Now Available on Kindle Living The Life!: Daily Reflections

On The Upper Room Discourse Re-Release For Lent 2024

WHAT TO DO WITH SLEEPLESS NIGHTS

My soul is satisfied as with a rich feast,
and my mouth praises you with joyful lips
when I think of you on my bed,
and meditate on you in the watches of the night;
for you have been my help,
and in the shadow of your wings I sing for joy.

Psalm 63:5-7

Are there nights you have a hard time sleeping? Perhaps you’re listening for a sick child, waiting for your teenager to come home, or worrying about tomorrow’s MRI results. Most of us know nights of tossing and turning, adjusting the pillow and trying to get back to sleep. Even Robert Frost penned a poignant poem titled “Acquainted with the Night”, in which he told of his sleepless nights.

Recently this prayer from the Book of Common Prayer gave new meaning to me for those nights I have difficulty sleeping:

Guide us waking O Lord, and guard us sleeping;
that awake we may watch with Christ,
and asleep we may rest in peace.

On those nights that I am not sleeping I like to think of Jesus watching with me in the night. In today’s scripture we see a sleepless David watching with God in the night.

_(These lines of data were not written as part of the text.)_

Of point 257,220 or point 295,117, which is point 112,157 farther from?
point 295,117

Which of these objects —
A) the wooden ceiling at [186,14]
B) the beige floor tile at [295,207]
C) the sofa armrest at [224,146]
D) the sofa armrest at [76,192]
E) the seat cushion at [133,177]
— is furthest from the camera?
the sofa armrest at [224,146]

In this psalm David notes that he is hiding out in the Wilderness of Judah and yet he can say that his “soul is satisfied as with a rich feast” as he meditates on the Lord “in the watches of the night.” David’s dark and fearful night is transformed into midnight feast as he thinks upon the Lord as his Shepherd.

Roger Ekrich notes in his book, “At Day’s Close: Night in Times Past”, that in pre-industrial times and before Edison’s light bulb, people slept in two shifts. They called the two sleep shifts a “first sleep” (also called “beauty sleep”) and a “second sleep.” Instead of tossing and turning during the two sleep shifts people would pray and meditate. The night watches were valued as a time for inspiration and reflection on God and life.

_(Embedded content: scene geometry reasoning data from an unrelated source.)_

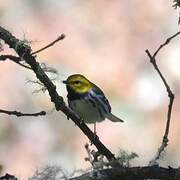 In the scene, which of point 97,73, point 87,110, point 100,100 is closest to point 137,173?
point 87,110

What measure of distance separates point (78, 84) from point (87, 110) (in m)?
0.06

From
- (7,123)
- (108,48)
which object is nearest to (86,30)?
(108,48)

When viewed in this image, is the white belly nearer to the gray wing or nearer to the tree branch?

Just before he went to bed Thomas Jefferson liked to read something meaningful “whereon to ruminate in the intervals of sleep.” I like to read a psalm or short scripture before I go to bed, as it gives me something special to meditate on when I cannot sleep. Then, like David, I find my soul “satisfied as with a rich feast,” even at midnight. Instead of counting sheep, why not talk to the Shepherd!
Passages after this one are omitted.